We focused more on the hCTL1 promoter region from −497 to −188 bp (deleted from LUC.CTL2 to make LUC.CTL3), which had an inhibitory effect in C2C12 myoblasts and a stimulatory effect in MCF-7 cancer cells (compare Fig. 3, B with C). Because the S3 and S4 probes belonged to this region, the binding was tested in more detail using competitive gel-shift and supershift analyses and ChIP (Figs. 4 and 5). The S4 region was tested for E2F factors, as shown in Fig. 4C. Because of the limited amount of human tissue samples, binding assays were mostly performed with C2C12 cells. E2F1/2 was abundantly expressed in C2C12 cells (data not shown); however, the E2F1/2 antibodies did not supershift the S4-bound proteins. Multiple testing produced partial competition between labeled S4 and an excess of unlabeled S4 or E2F consensus probes (Fig. 4C).

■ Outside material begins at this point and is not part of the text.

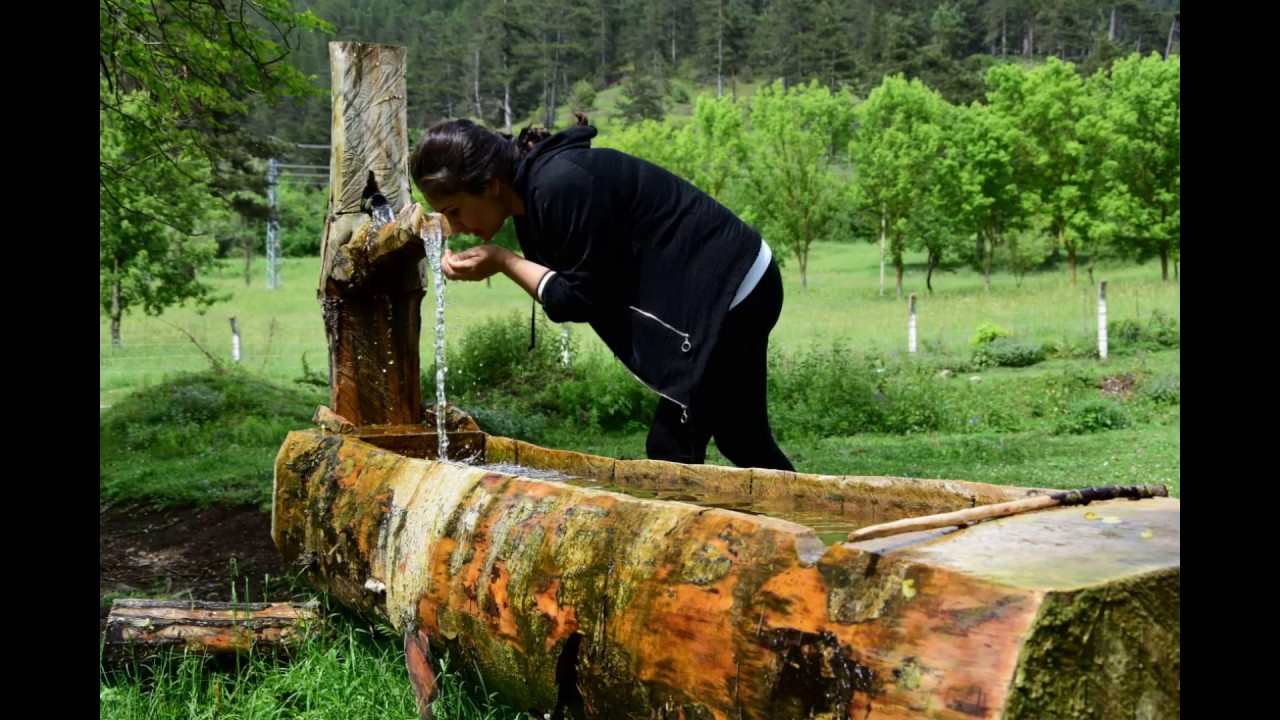Doğa harikası Kunduz Ormanı Samsun Vezirköprü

Finally, when the E2F site was mutated (CGCGCC to GCatGG), the mutation increased the CTL1 promoter activity in C2C12 cells (Z. Yuan and M. Bakovic, unpublished observations). Altogether, these data suggest that the E2F site within the S4 region could contribute to the promoter activity, but the contributing factors are likely not related to E2F1/2 proteins. It could be that other E2F family members, like E2F4 or E2F5, might be involved; however, that needs to be further investigated.
The S3 probe was tested for the transcription factor Sp1. As shown in Fig. 5A, C2C12 myoblasts and human skeletal muscle contain Sp1-like proteins that strongly bind to this region. The binding could be partially (C2C12) or completely (human muscle) competed with an Sp1 consensus oligonucleotide. Myotubes apparently did not contain a significant amount of Sp-related proteins because only a very weak band was detected with the same probe (Fig. 5A). When myoblast proteins were competed with Sp1 antibody, a supershift of the lower band was obtained, whereas the upper band did not change significantly, suggesting that factor(s) additional to Sp1 could be bound to the S3 probe (Fig. 5B). To confirm that the Sp1 transcription factor belongs to at least one of the protein complexes, we performed in vivo ChIP assays using the same antibody and promoter primers P1 and P2 (shown in Fig. 2C), which encompass the Sp1-binding site within the S3 probe. As shown in Fig. 5C, the CTL1 promoter region was amplified as expected with the actual size of the PCR fragment of ∼170 bp. The same-size product was amplified from myoblasts as was from MCF-7 cells, but no promoter DNA was amplified from the myotube chromatin, which could be predicted given that myotube proteins did not bind to the S3 probe (Fig. 5A). Taken together, the above data strongly suggests that Sp1 binds at the S3 site of the promoter region. Sp1 likely interacts with other factors (regions) depending on the cell type, which explains why the −497- to −188-bp region inhibited luciferase reporter activity in myoblasts and stimulated the activity in cancer cells (shown in Fig. 3B). In addition, the S3 site did not bind Sp1 from myotubes, a feature that could be important for the regulation of CTL1 gene transcription in myoblasts (undifferentiated cells) relative to myotubes (differentiated cells). As we describe later, the microarray data (Table 1) as well as our unpublished data both suggest that myotubes actually express more CTL1 mRNA than myoblasts and have a stronger promoter activity, essentially when Sp1 is absent from the S3 site.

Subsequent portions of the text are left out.